Keep the text of the data exactly as it is and omit each picture from the copy.

==== Entries shown ====

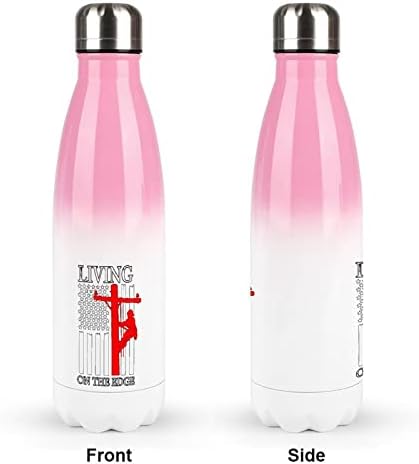 חי על קו הקצה 17oz בקבוק מים ספורט נירוסטה ואקום מבודד צורת קולה בקבוק ספורט לשימוש חוזר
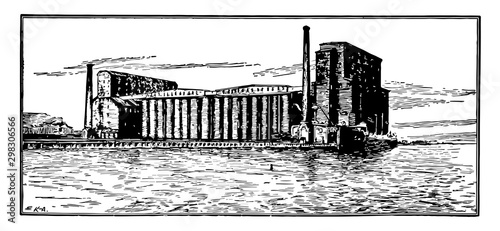 Port arthur vintage illustration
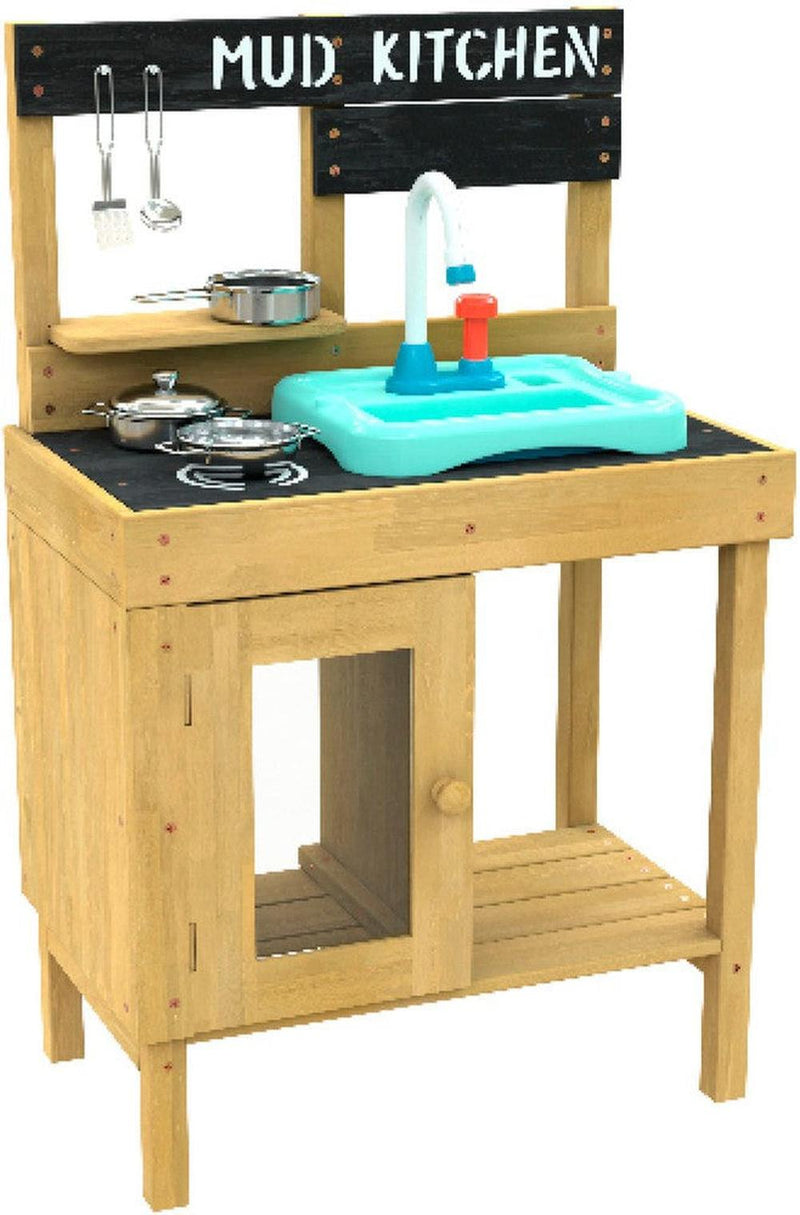 TP Splash & Play Early Fun Wooden Mud Kitchen, Learning SPACE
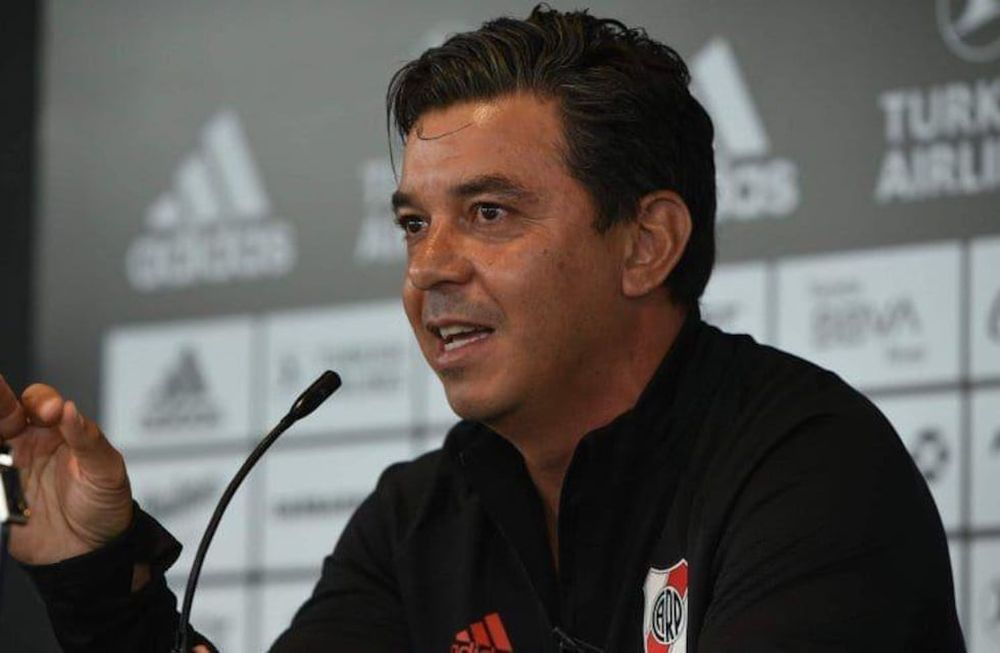 Somos un conjunto de personas que vamos todos para el mismo lado. Nos comportarnos como somos, como un gran equipo de trabajo. Somos un todo, aseguró Marcelo Gallardo. / Gentileza.
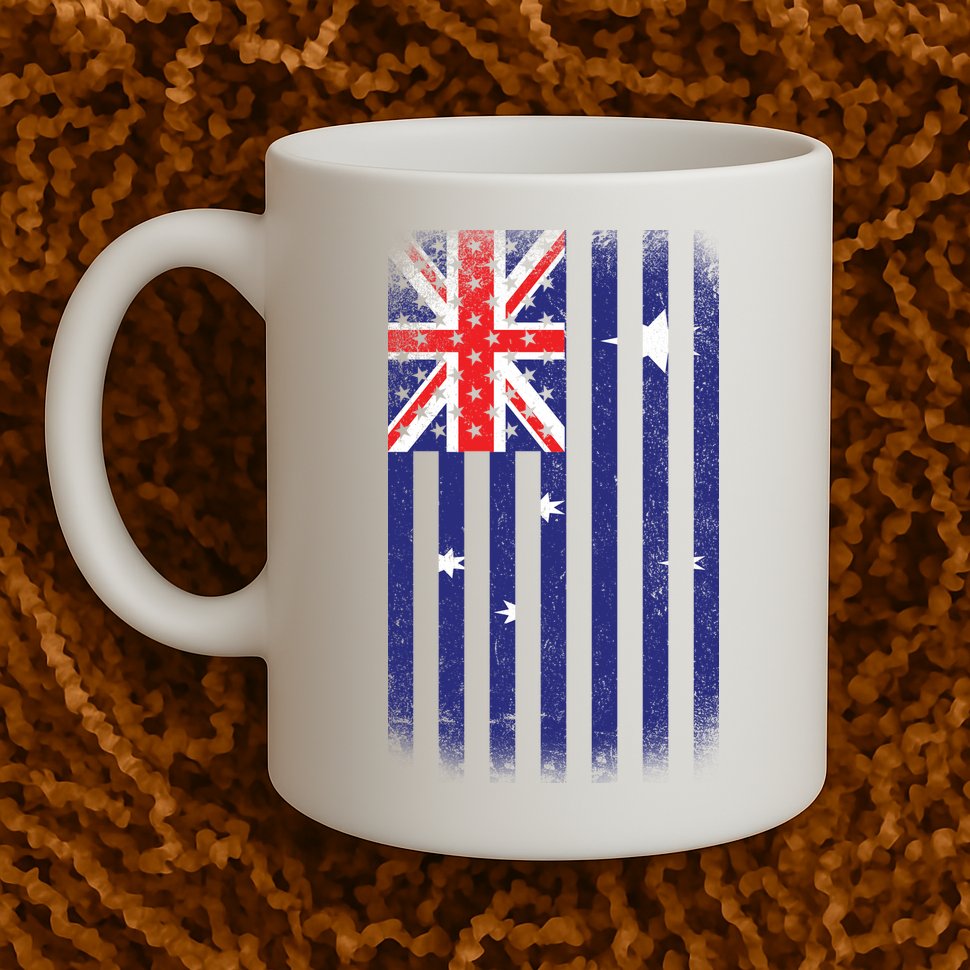 Vintage Australian Flag Mug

====

## Output for this task
 חי על קו הקצה 17oz בקבוק מים ספורט נירוסטה ואקום מבודד צורת קולה בקבוק ספורט לשימוש חוזר
 Port arthur vintage illustration
 TP Splash & Play Early Fun Wooden Mud Kitchen, Learning SPACE
 Somos un conjunto de personas que vamos todos para el mismo lado. Nos comportarnos como somos, como un gran equipo de trabajo. Somos un todo, aseguró Marcelo Gallardo. / Gentileza.
 Vintage Australian Flag Mug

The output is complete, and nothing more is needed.